Of course not, but a strong skinchanger like Varamyr can control multiple animals which allows you to spy on friends and enemies alike. Very few things in your castle/holdfast can be kept from you and you can cultivate the aura of being an all-knowing lord/king. That is a very successful tool to dominate people ... and it is clearly also one of the reason why normal people loathe skinchangers. The other would be that they are unclean, part beast and part man, etc.

But that’s the problem with creating a ruling body of skinchangers.  Normal people did loathe them, and consider them unclean.  And it was the normal people you had to rule over.  

You’re also fairly vulnerable when you leave your body and join your animal.  Which I think also limits the usefulness of being a skin-changers at least when it comes to seizing power.  

These issues makes skinchangers different from dragon lords.  Dragon lords may have had a bond with their dragons, but they didn’t actually enter their dragons.  They rode them as normal people rode horses.  And last but certainly not least, dragons were far more powerful than anything that skinchangers could bond with.  It allowed them to rule through fear and submission, more so than any skinchangers could have.

39 minutes ago, Lord Varys said:

Varamyr was knocked out by Melisandre.
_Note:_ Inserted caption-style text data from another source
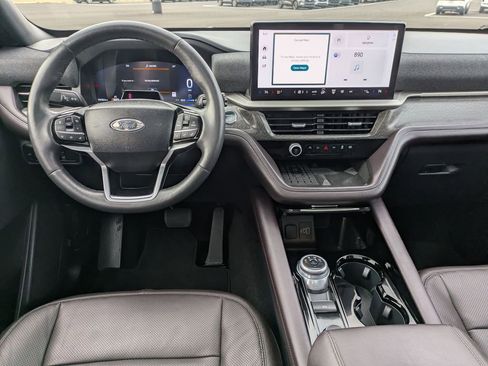 Used 2025 Ford Explorer Platinum w/ LUX Leather Package image 18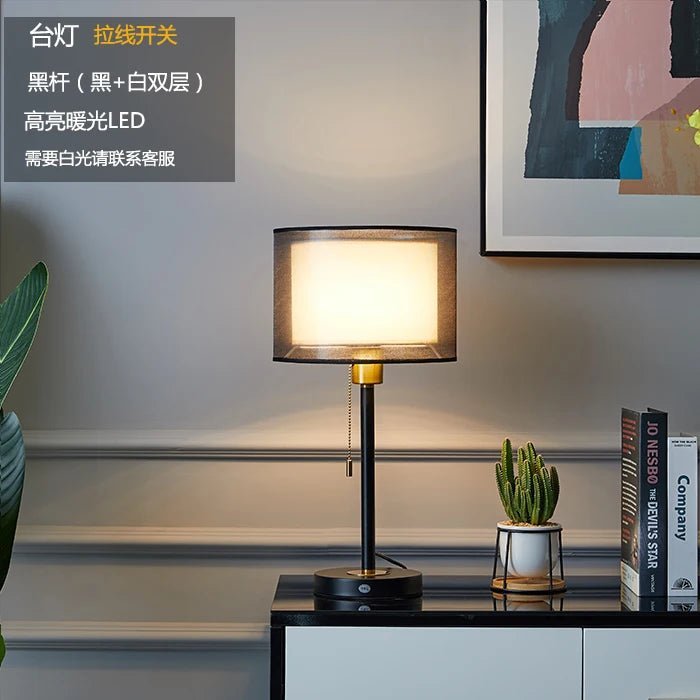 Lampe de table Art déco métal chromé avec abat - jour noir - Lumeria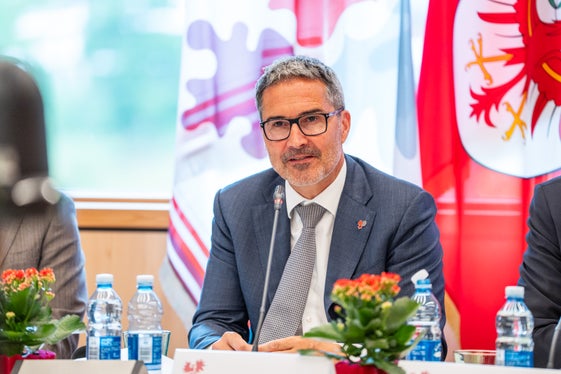 Il presidente della Provincia autonoma di Bolzano Arno Kompatscher ha partecipato, in rappresentanza dell’Alto Adige, alla riunione della Giunta dell’Euregio. (Foto: Land Tirol/Fitsch)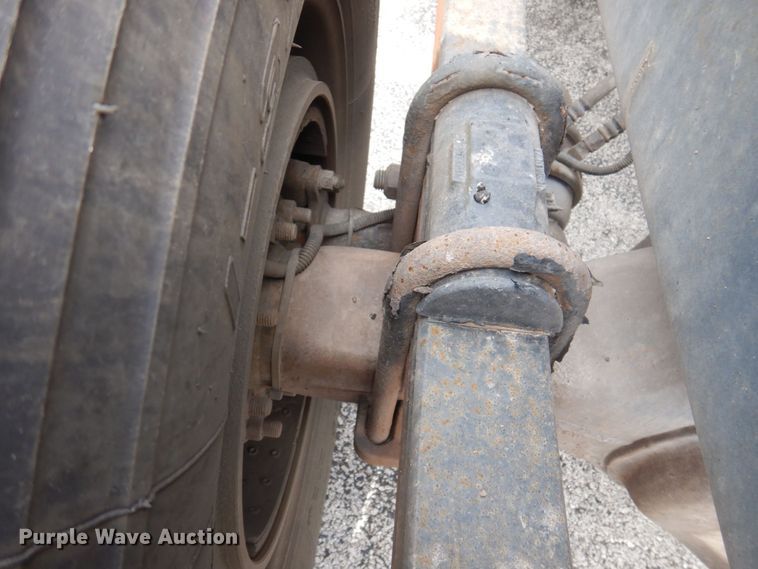 image for item DP0315 2013 Peterbilt 337  semi truck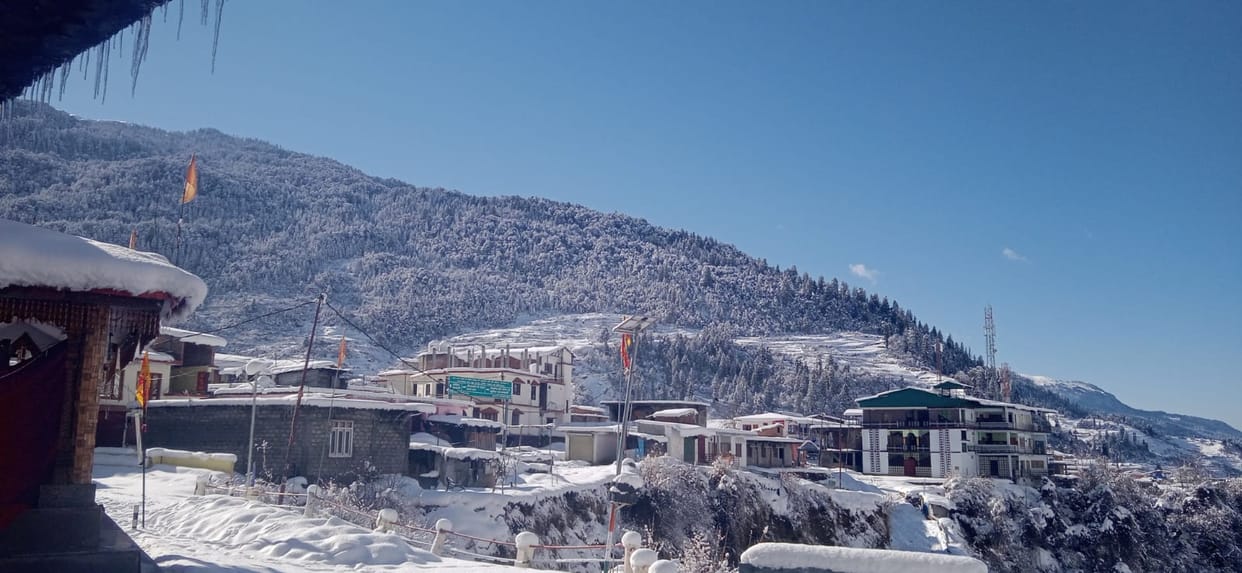 Uttarakhand Weather Update today: Rain and snowfall expected in many parts today, clear weather in Doon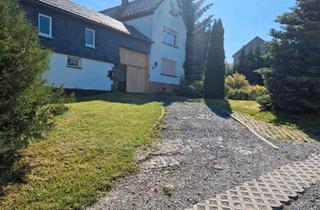 Einfamilienhaus kaufen in 07952 Pausa, Pausa-Mühltroff - Einfamilienhaus, Charmanter 4 Seiten Hof in grüner Lage
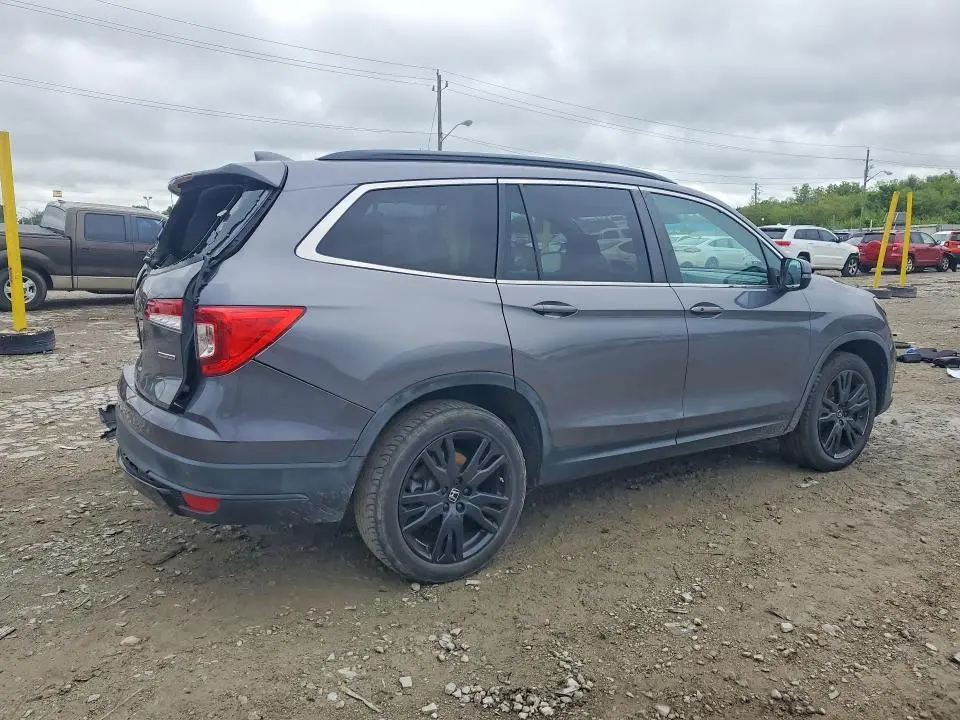 2021 HONDA PILOT SE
If he had been able to use his powers during the battle he might have made a considerable difference. How powerful skinchangers are in warfare we see earlier in ACoK when Orell's eagle hunts down Jon and Qhorin.

One could easily see Varamyr taking over Stannis' horses, breaking the ranks of his knights, etc.

That’s a valid point, but I don’t see how Varamyr’s polar bear, shadow cat and three wolves would have turned the tide of that battle.  It was a complete route and that was despite the fact that Mance had giants in his army.

I don’t think Varamyr could have just reached out and controlled Stannis’ horses, I don’t think it works that way.  The few animals he did have, he struggled to control, and when his control wavered they fled.  And I don’t see Varamyr maintaining his concentration as an armored knight was bearing down on him with his lance.

Once again, these aren’t dragons, the military aspect of it isn’t that significant.  Far better to have armored men with swords, trained in the art of battle for you than forego all of that by becoming a Varamyr.

Even the First Men, who didn’t have the same military superiority that the Andal’s steel gave then, still proved too much for the COTF skinchangers to handle.

The other issue I didn’t address, is unlike the Valyrians who openly and proudly practiced incest, incest was considered an abomination both for the new gods and old.  So it’s unlikely that a lord could have gotten away with marrying his sister to keep a skinchanging line alive.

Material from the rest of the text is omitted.